I’ll always end up at the piano, no matter where I’ve been. And when I continually insist on going to the most inaccessible place for myself, wherever that might be when I’m at that instrument, I’m somehow able to construct something that stands, which is what I find so incredible about songs. They’re architectural marvels, and the whole world is tied together by music, by songs. So if you take that most damaged, most poisoned and raw part of yourself and build a song that can stand around it, and then bring that into existence—it’s a form of healing. These songs are mantras.

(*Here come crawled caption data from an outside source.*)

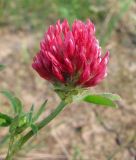 Trifolium pratense. Соцветие. Окр. Томска, свалка. 27.06.2012.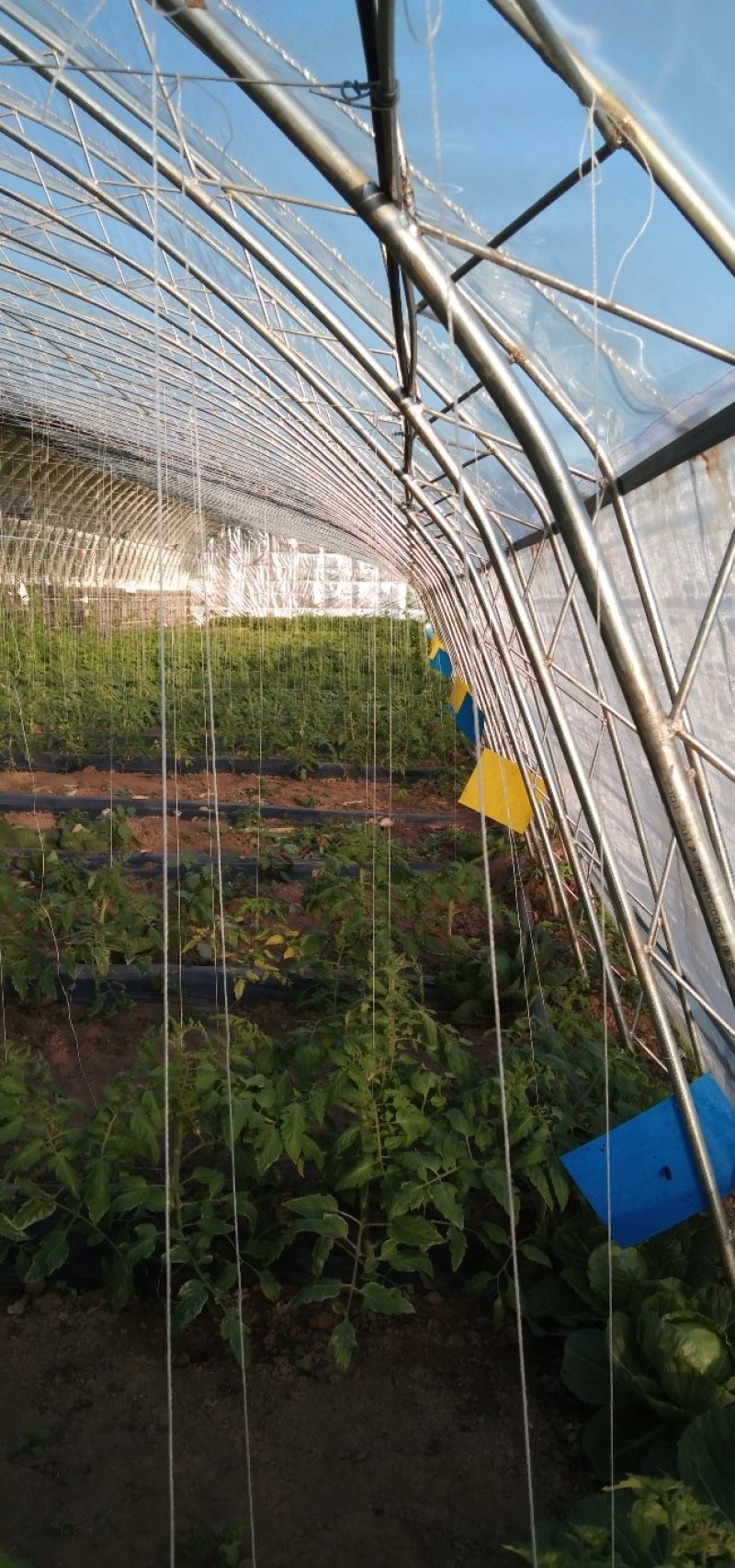 德隽成节能环保高温大棚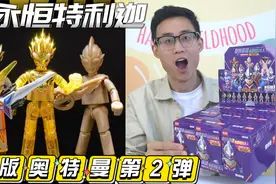 布鲁可奥特曼第2弹为啥成绝版货？隐藏款永恒特利迦，竟一个难求视频封面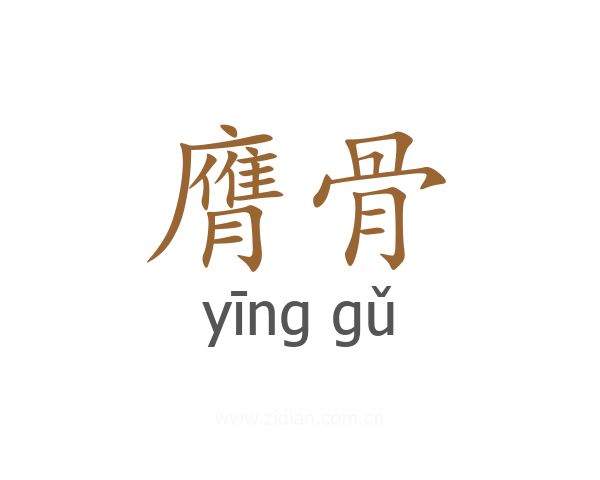 膺骨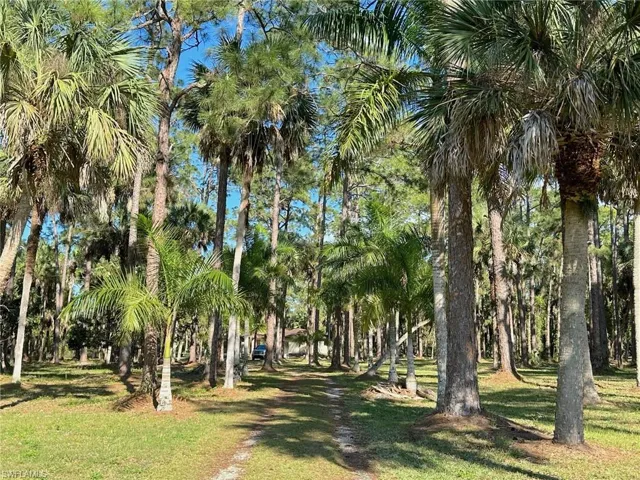 Beautiful tree lined drive to home hundreds of feet from the road.
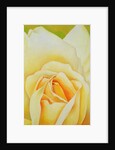 The Rose, 1995 by Myung-Bo Sim
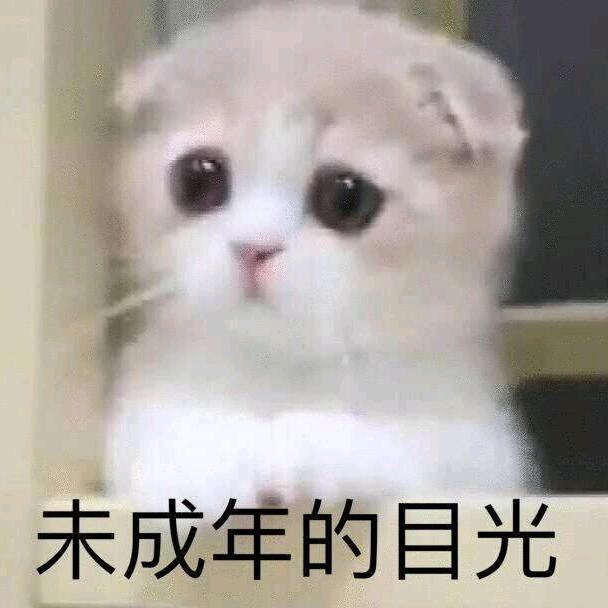 单纯的四季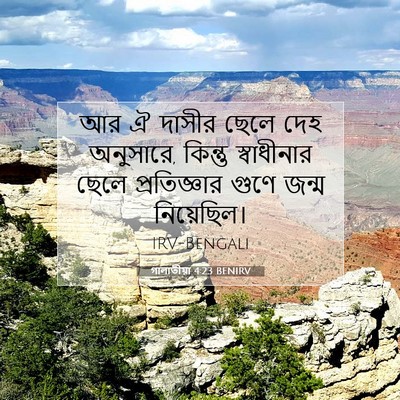 Picture 07 - গালাতীয়া 4:23 BENIRV - আর ঐ দাসীর ছেলে দেহ - Bible Verse Picture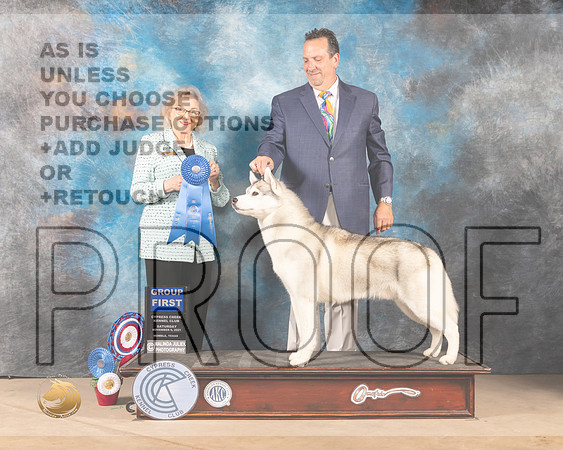 Siberian Husky #5 Sat G1 Judge Diane Landstrom_MMJ_3416-CCKC2021-HR3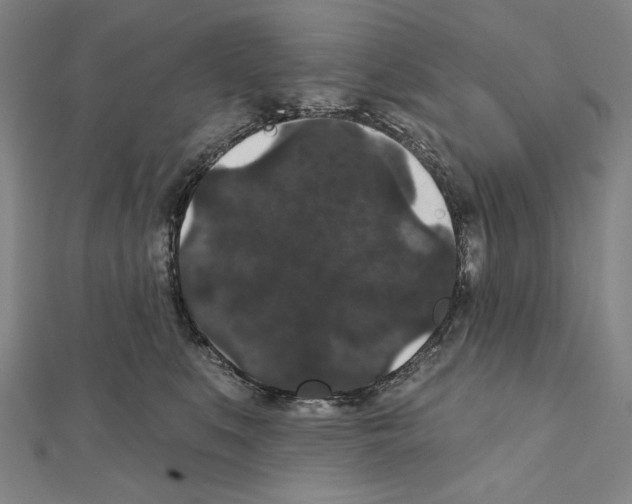 X0000111590519200908271012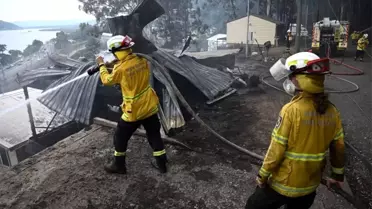 Yeni Güney Galler'de Orman Yangınları
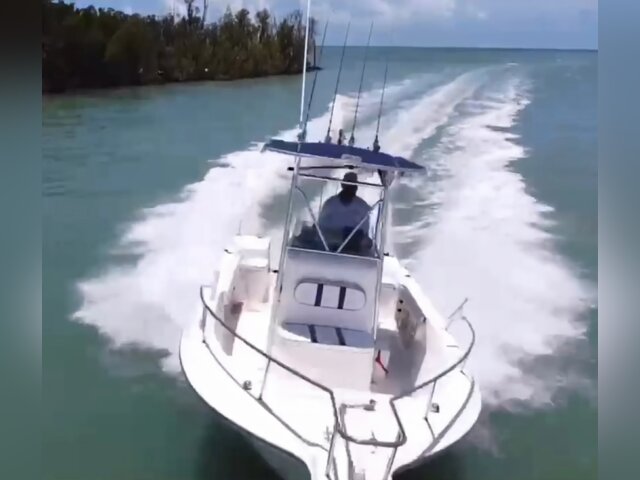 Listing image 1081857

It's about venturing into the darkest corners of your mind and illuminating them. Which is why I have trouble with music that is too sad, because I can’t stay down there too long, I’ll fucking die. It’s a luxury that I can’t afford. I have to go in there, and then whatever it is, no matter how bleak, I’ve got to bring it up into the light. My solo stuff, Choir of the Mind, this is me going to the same depths that I do with Metric, the only difference is that sonically the songs are more fragile. With Metric, we go all the way down and build it all the way up so that we can play it really loud to 10 000 people, but the principle in both cases is exactly the same. So these songs, even though they're soft, they are my armor, they protect me, they should do the same for the listener, too, and they will, I hope.
Emily Haines is back with Choir of the Mind, the Metric singer’s first release as her Soft Skeleton solo project in a decade.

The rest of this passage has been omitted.